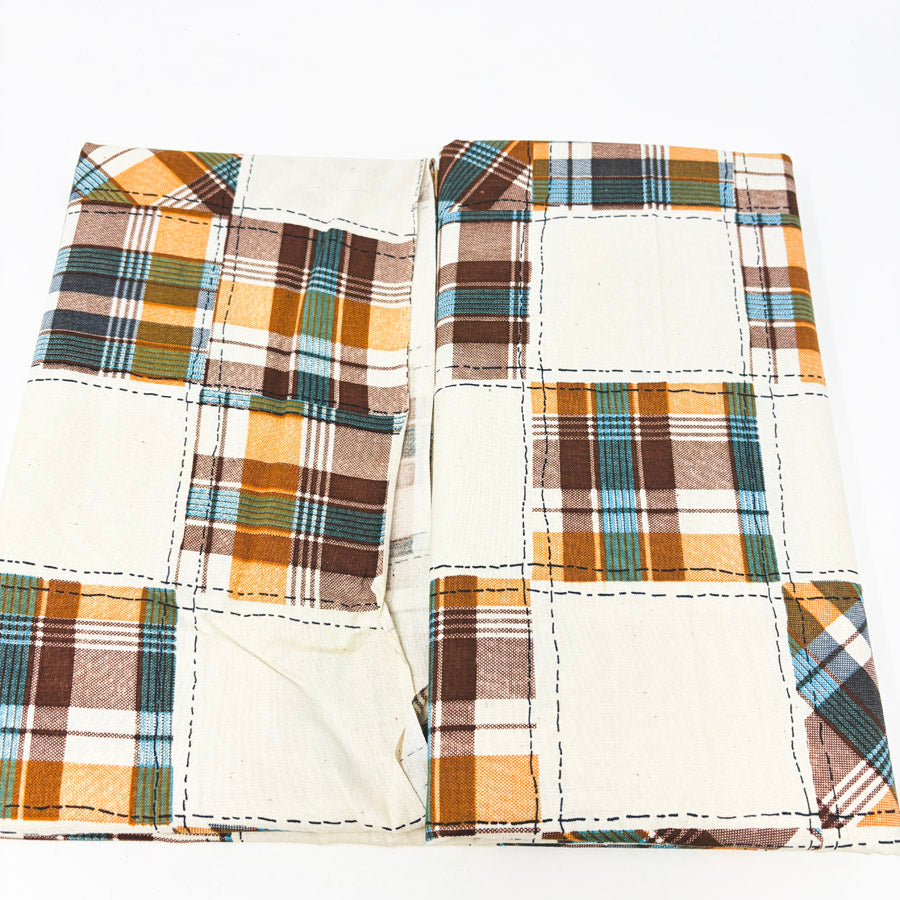 2 Yds x 44" Plaid Checkered Cotton Fabric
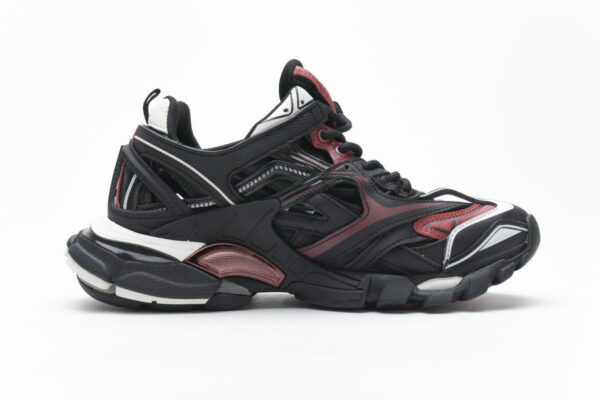 568615 W2GN3 6000 Blenciaga Track 2 Sneaker Burgundy - Image 10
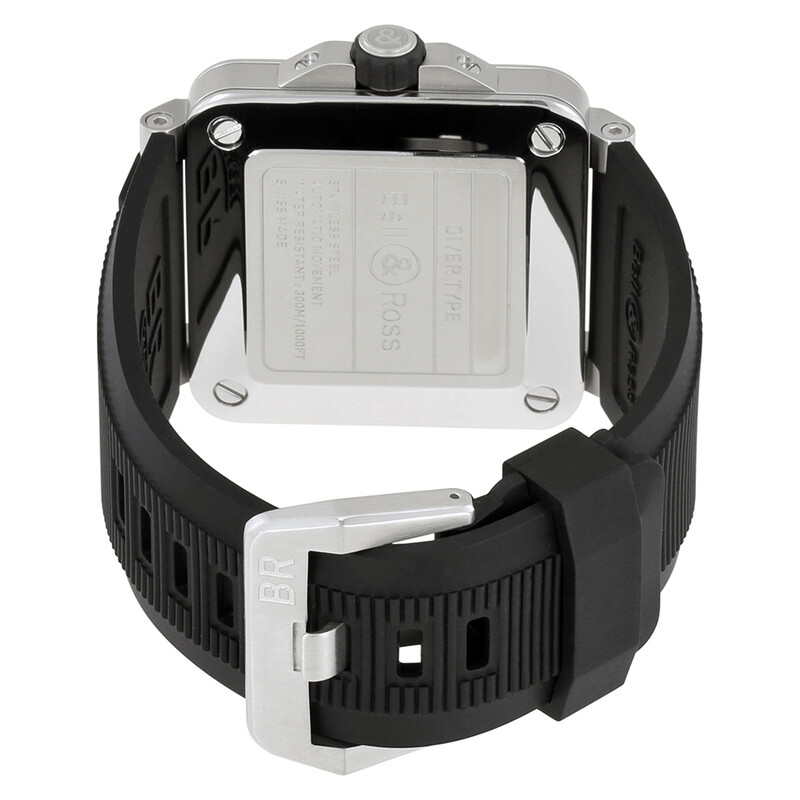 Bell And Ross Diver Automatic Men's Watch BR0392-D-BL-ST/SRB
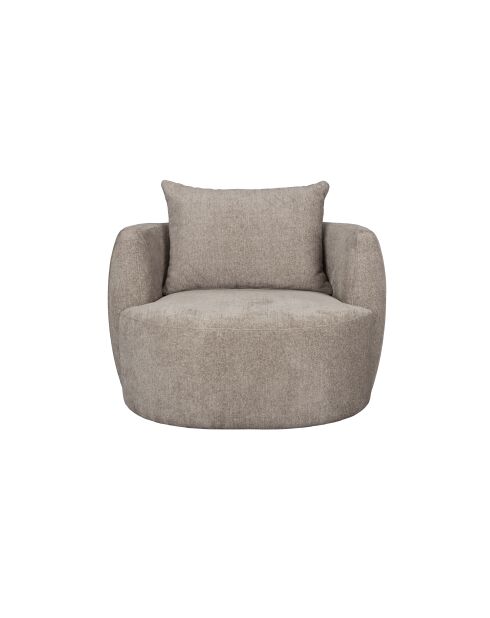 Sillón Rocca marrón claro - 92 x 107 x 83 cm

=== Task to complete ===
Pictures aside, reproduce the listing above exactly.

=== Expected output ===
 2 Yds x 44" Plaid Checkered Cotton Fabric
 568615 W2GN3 6000 Blenciaga Track 2 Sneaker Burgundy - Image 10
 Bell And Ross Diver Automatic Men's Watch BR0392-D-BL-ST/SRB
 Sillón Rocca marrón claro - 92 x 107 x 83 cm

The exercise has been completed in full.